Casa da Cidadania, assim denominada pela sua importância para a vida do município e para cada um dos seus cidadãos, a Câmara de Vereadores de Feira de Santana, já se aproximando de dois séculos de existência, assim como o município, retrata a história política local, com conturbações e vitórias importantes ao longo de sua trajetória. Em 1832, o povoado nascido das terras de Cachoeira ganhou status de vila e, assim, pôde eleger e empossar, em 18 de agosto de 1833, o primeiro bloco legislativo com sete membros.
A posse foi antecedida de episódios lamentáveis, como denúncias graves contra eleitos, assalto e espancamento do emissário que conduzia de Cachoeira para Feira de Santana os documentos dos componentes da Casa a ser instalada. Depois de debates e da situação normalizada, foi realizada a posse dos legisladores, à exceção de dois deles, que foram sumariamente excluídos. Durante bom tempo, a Casa Legislativa, independente da sua missão precípua de acompanhar e fiscalizar o trabalho do Executivo, foi fomentadora de novas e importantes lideranças políticas.
Do Legislativo municipal surgiram nomes que se destacaram na política local, estadual e até nacional, como: Almachio Alves Boaventura, Áureo de Oliveira Filho, Augusto Matias, Tito Machado, Francisco Pinto, Wilson Falcão, Agnaldo Soares Boaventura, Joselito Falcão de Amorim, Colbert Martins da Silva, João Durval Carneiro, José Falcão da Silva, Alberto Sampaio de Oliveira, Oscar Ferreira Marques, Hugo Navarro Silva, Luciano Ribeiro, Noide Cerqueira, José Raimundo Azevedo, Roque Aras, Gerson Gomes da Silva, José Ronaldo de Carvalho, Eliana Boaventura, Tarcísio Pimenta, José Santana de Cerqueira Neto, Fernando Dantas Torres e Humberto Lopes Cedraz.

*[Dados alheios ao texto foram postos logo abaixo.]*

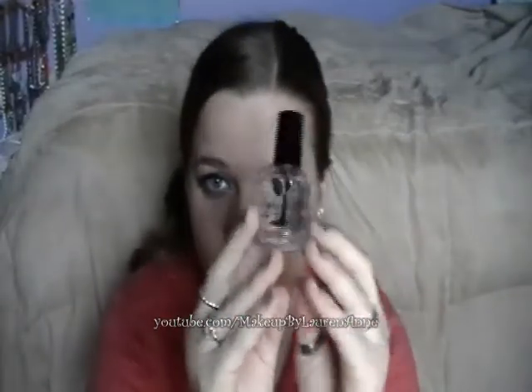I actually needed a new top coat because I was running out of mine, so I thought why not try it. This bottle looks like a regular top coat, doesn't it? So, pros and cons.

Dentre os acima relacionados estão homens públicos que iniciaram a carreira na Câmara Municipal e alcançaram postos mais elevados mediante o sufrágio popular, ocupando a cadeira de prefeito de Feira de Santana ou tendo assento como deputado estadual, deputado federal, governador da Bahia e senador. Todavia, vale ressaltar a relevância política de tantos outros que dedicaram momentos preciosos de suas existências a debates, elaboração de projetos e tomadas de decisão em defesa dos interesses da comunidade. Outro ponto interessante em relação ao Legislativo de Feira de Santana é o número de mandatos contabilizado por alguns legisladores, o que sinaliza para aprovação expressa do eleitorado.
Entre os governos de João Durval Carneiro (1967/1971) e José Ronaldo de Carvalho (2005/2008), dois vereadores destacaram-se quanto ao tempo em que estiveram presentes no Legislativo Municipal: um durante oito legislaturas, outro durante sete períodos da Casa Legislativa: Antônio Carlos Daltro Coelho e Dival Figueiredo Machado.

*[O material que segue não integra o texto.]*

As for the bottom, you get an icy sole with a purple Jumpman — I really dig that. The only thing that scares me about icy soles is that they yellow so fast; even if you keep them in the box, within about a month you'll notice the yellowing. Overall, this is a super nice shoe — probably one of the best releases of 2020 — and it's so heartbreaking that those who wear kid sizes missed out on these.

Dival Figueiredo Machado, popularmente “Vavá Machado”, natural do distrito de Ipuaçu, onde foi subdelegado e exerceu forte liderança política, ingressou na Câmara em janeiro de 1967, no governo de João Durval Carneiro, do qual era aliado e amigo, mantendo-se legislando até o final do governo de José Raimundo Azevedo, em 31 de dezembro de 1996. Dival, já falecido, começou na Arena, na época do bipartidarismo, militando também no PDS e PMN.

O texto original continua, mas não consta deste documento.